Sellers hire a Listing Agent to market and sell their property. A Listing Agent prepares the RMLS listing, flyers, holds open houses, places a lockbox on the home and creates any marketing. Sellers typically pay 5% for real estate services that is divided equally between the Sellers and Buyers Agents.
Buyers hire a buyers agent to help them purchase a home. A Buyer's Agent shows buyers homes and helps them write offers and navigate the purchasing process. Buyers pay nothing to work with a buyer's agent, but will pay a Sellers Agent when selling the home.
All REALTORS have the capacity to be both a Sellers and Buyers agents. Some brokers have teams of agents that work with them and therefore have designated Buyers and Sellers Agents.

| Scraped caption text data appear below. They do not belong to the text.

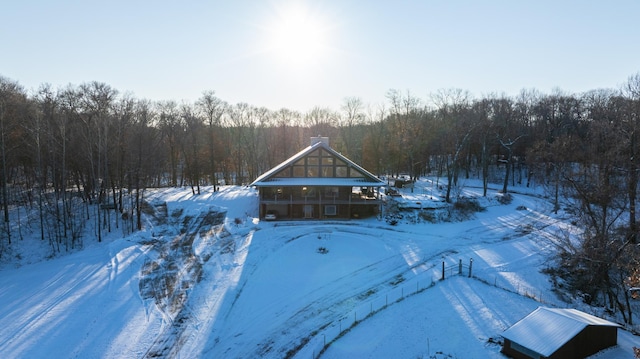 snowy aerial view with a forest view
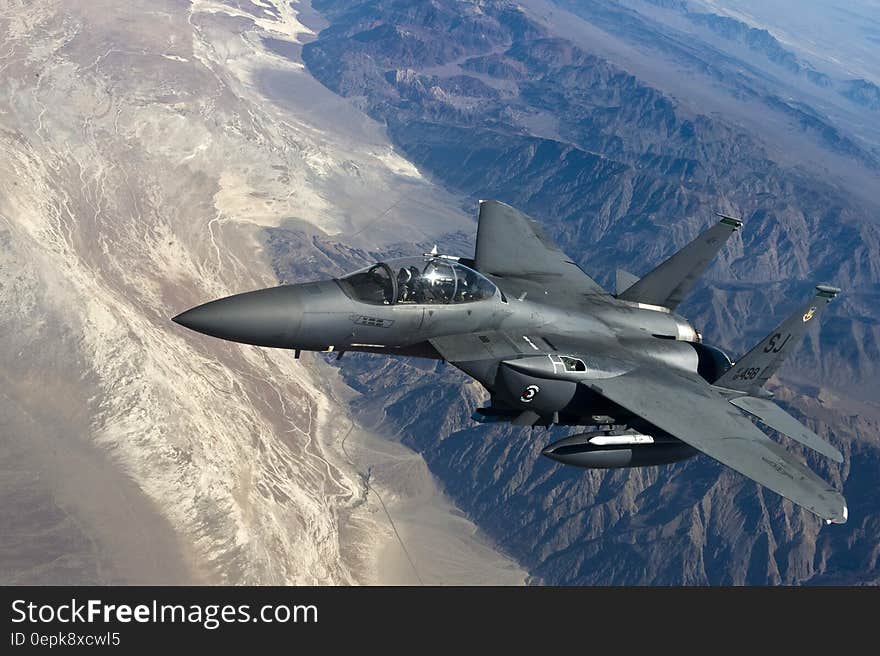 Grey Jet Plane Flying on Top of White Mountain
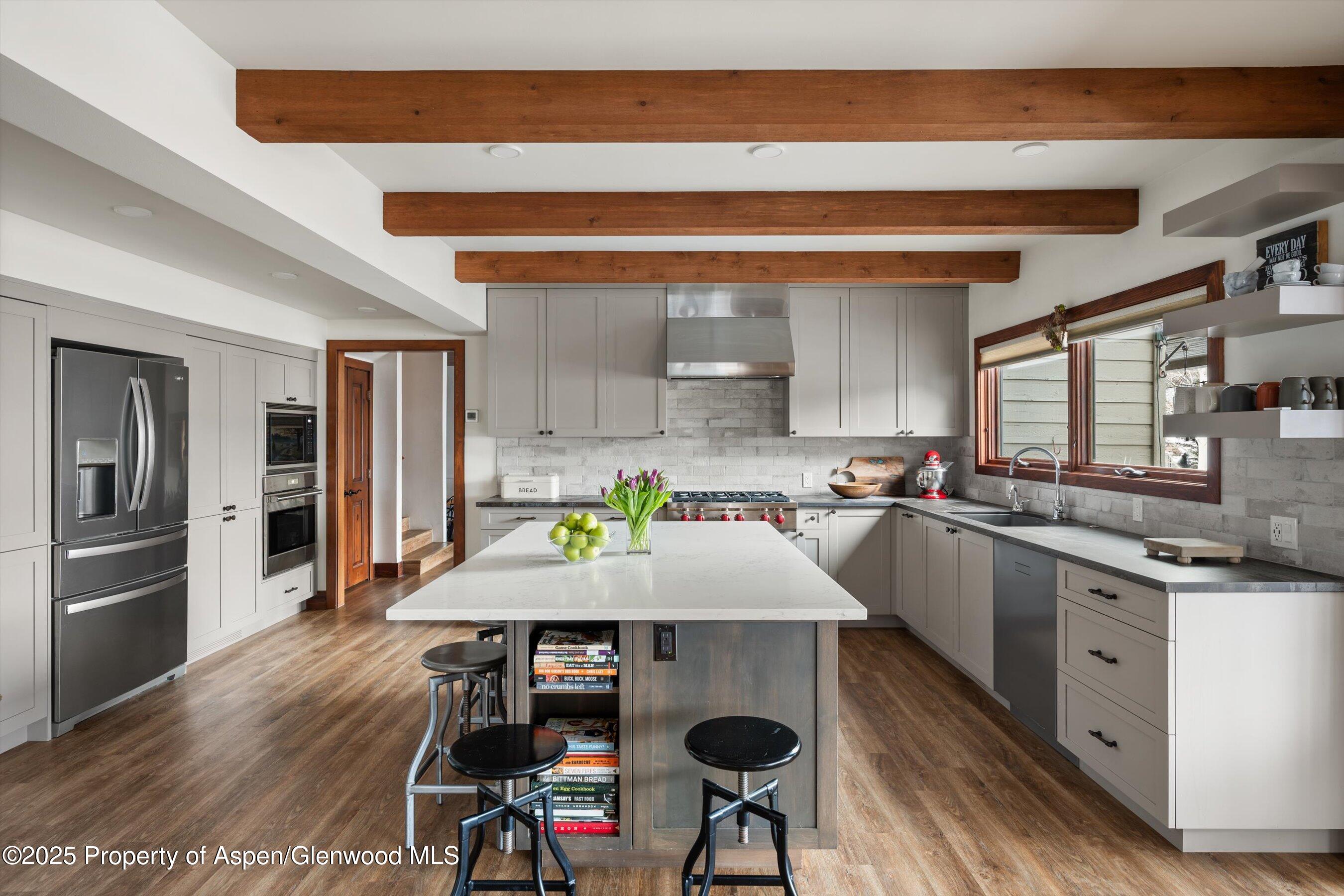 516 Sinclair Road Snowmass Village, CO 81615 - Photo 13 of 37 a kitchen with a table chairs sink and cabinets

Why should I work with a REALTOR?
Working with a REALTOR is a smart move in any market. Right now Portland is a Seller's market making it even more important as a buyer to work with a professional. A REALTOR can pull comps, show properties, and guide you through the buying process while offering the experience necessary to get the deal done.
As a seller, you might be leaving a lot of money on the table if you do not employ a professional REALTOR to assist you. REALTORS usually list properties in the RMLS and we spend a great deal of time and money marketing properties. This can make a big difference in the sale price.
Overall, REALTORS with experience in up or down markets have the ability to offer advice and guidance throughout the buying and selling process. In my own case, I have been selling real estate in Portland, and I have been involved in about 300 transactions. I would say that I have seen it all, but I still run across strange situations that I have not encountered in my 12 year history. It is my experience that helps me keep deals together in spite of adversity.